Nope. She's nice to everyone but she's ALLLLLLL mine.


----------



## Elmo's Mom (May 21, 2007)

Both of our dogs are loyal to us. Elmo is a mama's boy and Molly is definitely daddy's little girl.


----------



## VectorSketcher (Jul 20, 2008)

Both my GSD's are loyal to me, I think that Riddick is a bit more bonded with my husband, but Rogue is definately my girl. Neither would cheat on me or my husband though, they are our babies! However, my friend has a Siberian Husky that prefers me over her, and he doesn't even live with me. He is a cheater! lol


----------



## LadyHawk (Jan 19, 2005)

Roxie is a Daddy's girl............. but I get the two boyses!!!!
Woof!


----------



## frenchie27 (Jan 12, 2008)

Charlie is by far my BOY!!! He loves DH and DH takes him on walks when I am away on business. But those times I do go away on business (twice a month, 4 nights total) Charlie gets totally depressed. Sometimes he won't even eat.
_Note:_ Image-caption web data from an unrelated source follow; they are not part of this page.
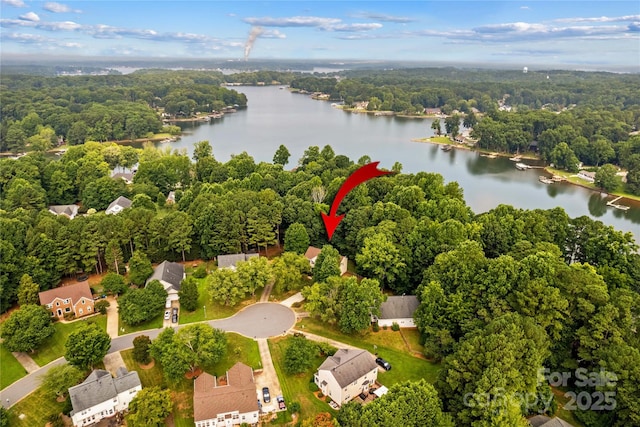145 Summerbrook Ln, Mooresville, NC 28117 - bird's eye view of a nearby body of water
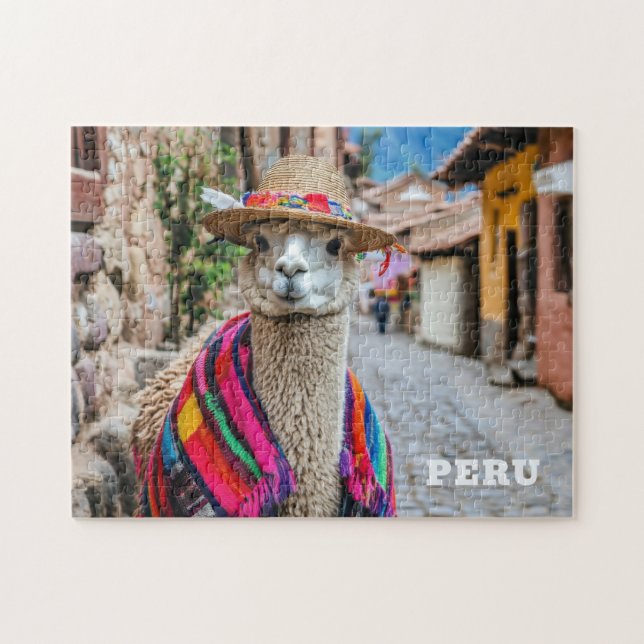 Quebra-cabeça Peru Llama (Horizontal)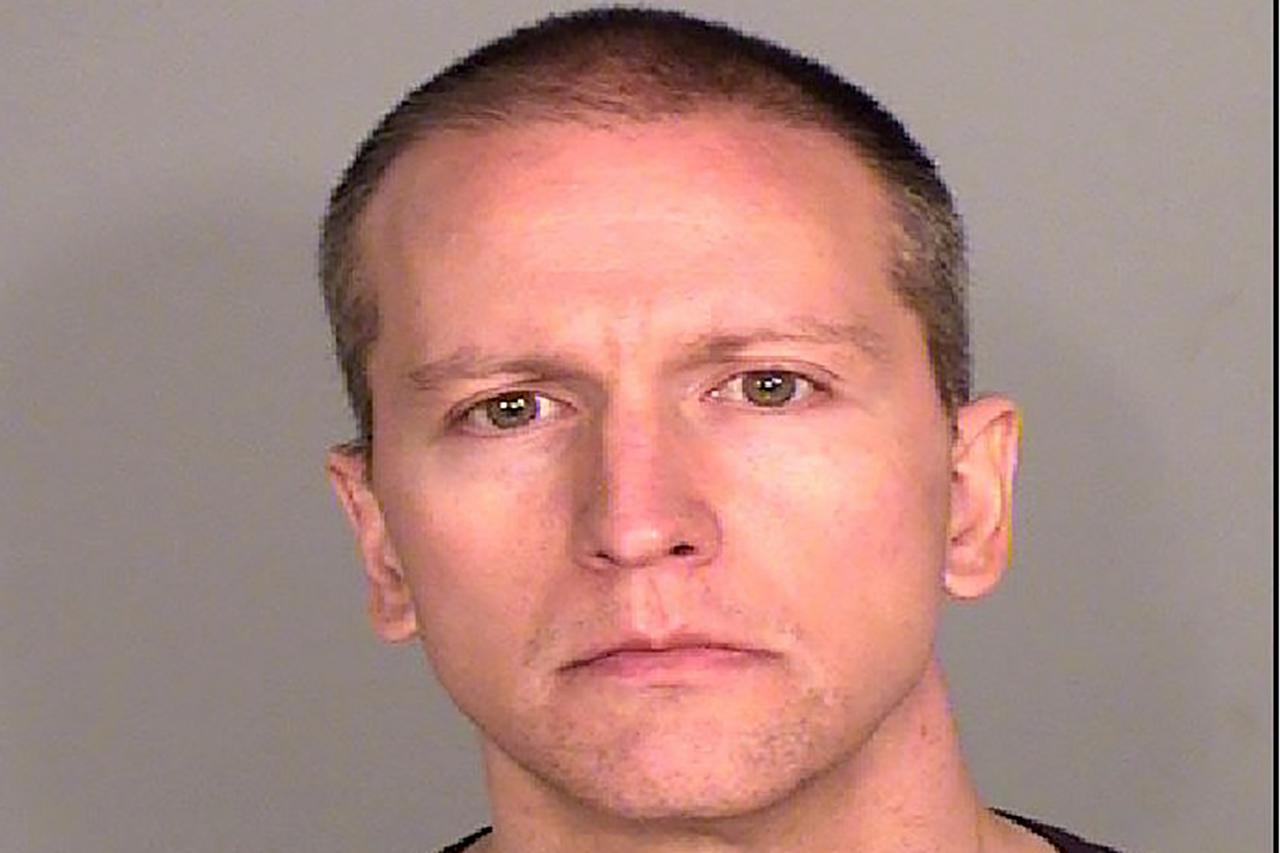 Former Minneapolis Police officer Derek Chauvin poses for a booking photograph at the Ramsey County Detention Center in St. Paul
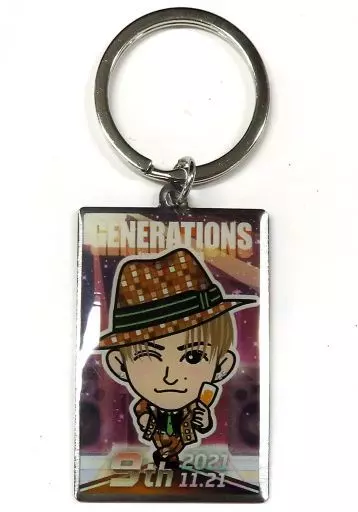 GENERATIONS - 佐野玲於　メタルキーホルダー 駿河屋 -<中古>佐野玲於 背景付きメタルキーホルダー(動きver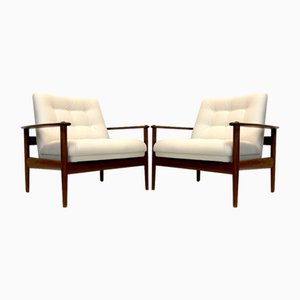 Set of Mid-Century Danish Teak Armchair in the style of Grete Jalk, Denmark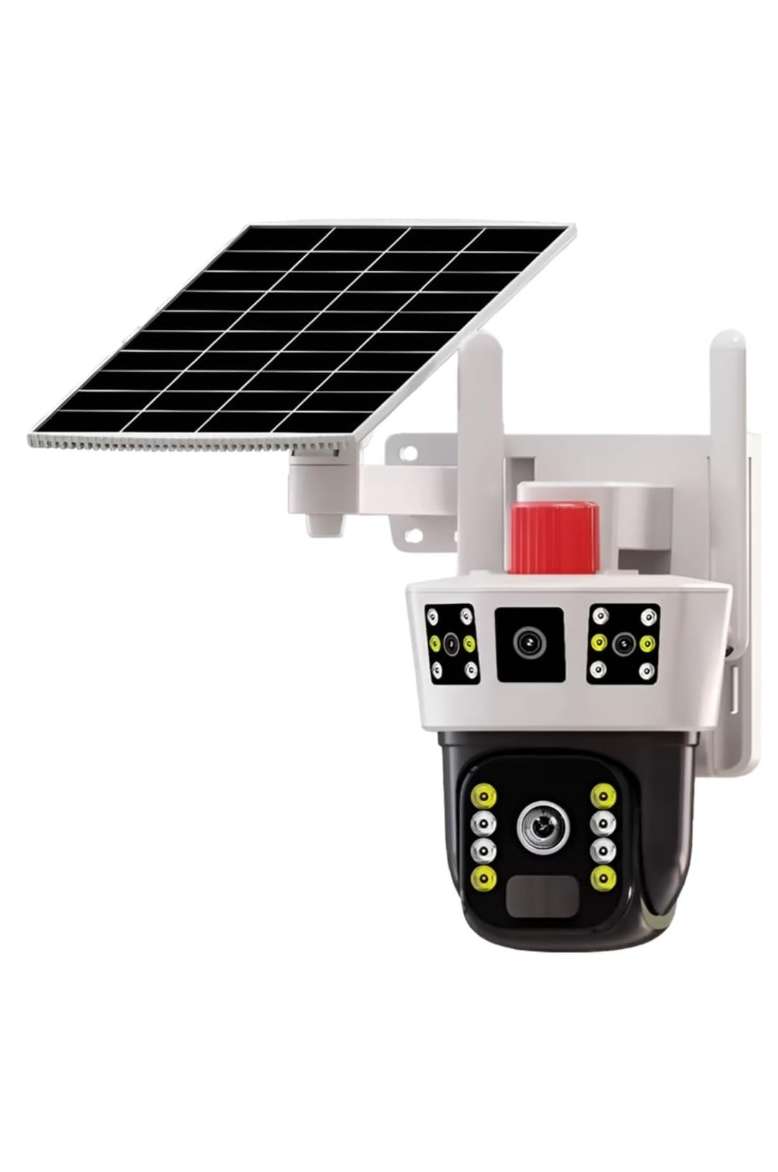 3 Screens Outdoor 4G Solar CCTV Camera, Outdoor Security Solar CCTV 4G Camera,Vision Recording Camer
He's my shadow and doesn't leave my sight when I am home. Needless to say, I spoil him rotten


----------



## ninhar (Mar 22, 2003)

It would never happen with Sheba. If she isn't within 5 ft of me at all times, she gets upset. 

But, BF's dog Robby loved me best even though I didn't live with him. About 6 years ago, BF had his appendix out, he was in the hospital for over a week. When I took him home he was worried that Robby would be so happy to see him that he would jump up. He went through the door first, Robby bee-lined past him to greet me. Oops!


----------



## WinitheGSD (Sep 21, 2008)

bud isnt mine(well she is the family dog) and she wags her tail a little when she sees me but dosent really care,she looooves my mom. then wini wont leave my side for a min! my parents say when i am gone she freaks out--pasing back and forth, wineing, chewing stuff! She knows that she isnt aloud upstairs but when i am gone she goes in my room and sleeps on my bed till i get home, its her security blanket cause my room smells like me. she dosent cheat on me, but bud dont give a crap.


----------



## Fodder (Oct 21, 2007)

Gia's the biggest cheater i've ever known. Whats worse is that she stares directly at me the whole time she's lovin on others just to rub it in!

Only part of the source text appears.